Le contó que Casio se había confesado, pero ella sabía que Casio no tenía nada que confesar que tuviera que ver con ella. Dijo que Casio no podía decir nada que la perjudicara. Otelo dijo que cerrara la boca.
Entonces Desdémona lloró, pero a pesar de todas sus súplicas, con palabras violentas Otelo le apretó la garganta hasta matarla.
Entonces, con el corazón acongojado, llegó Emilia y se anunció en la puerta; Otelo le abrió y se oyó una voz desde la cama, que decía:
—Muero sin culpa.
—¿Quién ha sido? —gritó Emilia; y la voz dijo:
—Nadie, yo misma. ¡Adiós!
—Fui yo quien la mató —dijo Otelo.
Derramó sus pruebas junto a aquel triste lecho ante la gente que estaba corriendo, Yago entre ellos; pero cuando habló del pañuelo, Emilia dijo la verdad.
Y Otelo lo supo.
—¿No hay en el cielo más piedras que relámpagos? —exclamó, y corrió hacia Yago, que dio a Emilia un golpe mortal y huyó.

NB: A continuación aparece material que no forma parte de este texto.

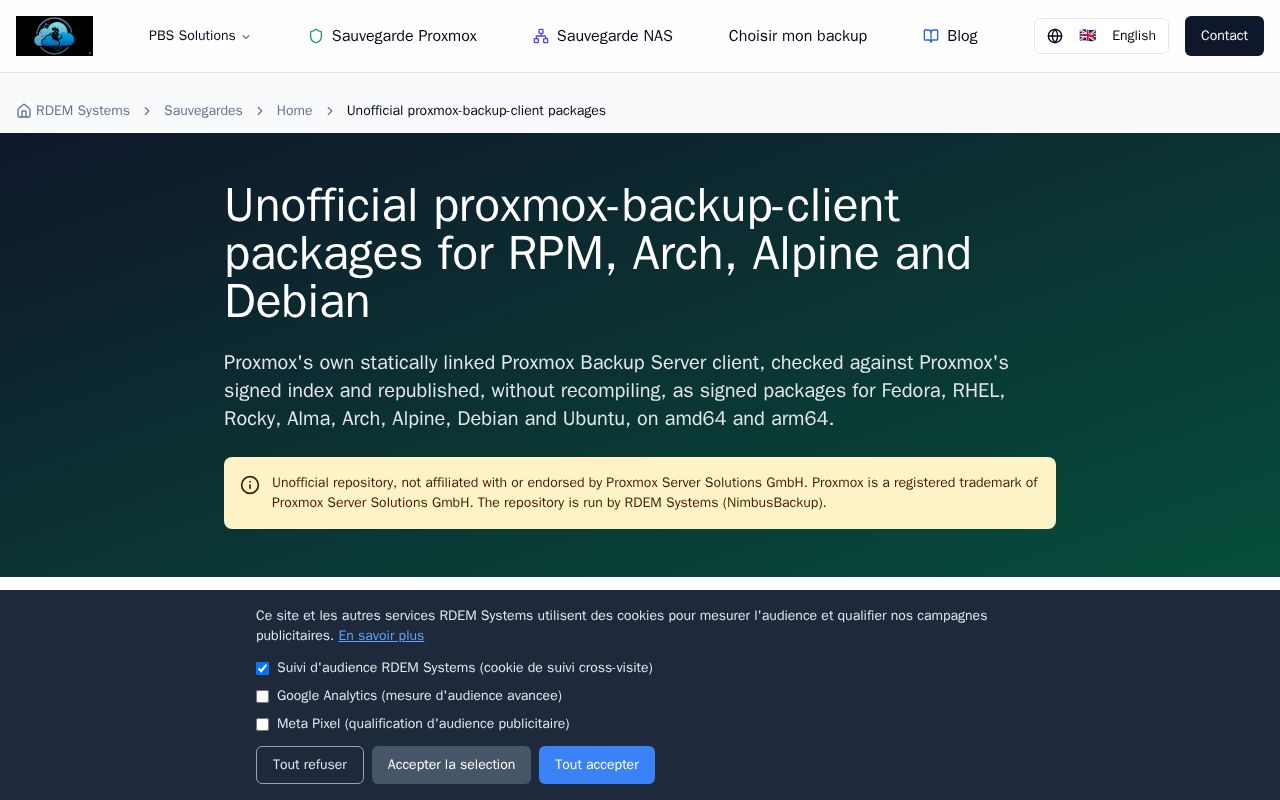 Preview of Unofficial Proxmox Backup Client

Pero lo trajeron de vuelta, y la muerte que le sobrevino después fue un alivio de la tortura.
Querían llevar a Otelo de vuelta a Venecia para juzgarlo allí, pero escapó de ellos espada en mano.
—Una o dos palabras antes que se vayan —dijo a los venecianos en la cámara—. Hablen de mí como era, ni mejor ni peor. Digan que deseché la perla de las perlas y que lloré con estos duros ojos; y digan que, cuando en Alepo, hace años, vi a un turco golpear a un veneciano, le cogí por el cuello y lo golpeé.
Con su propia mano, se clavó un puñal en el corazón; y antes de morir, sus labios rozaron el rostro de Desdémona con desesperado amor.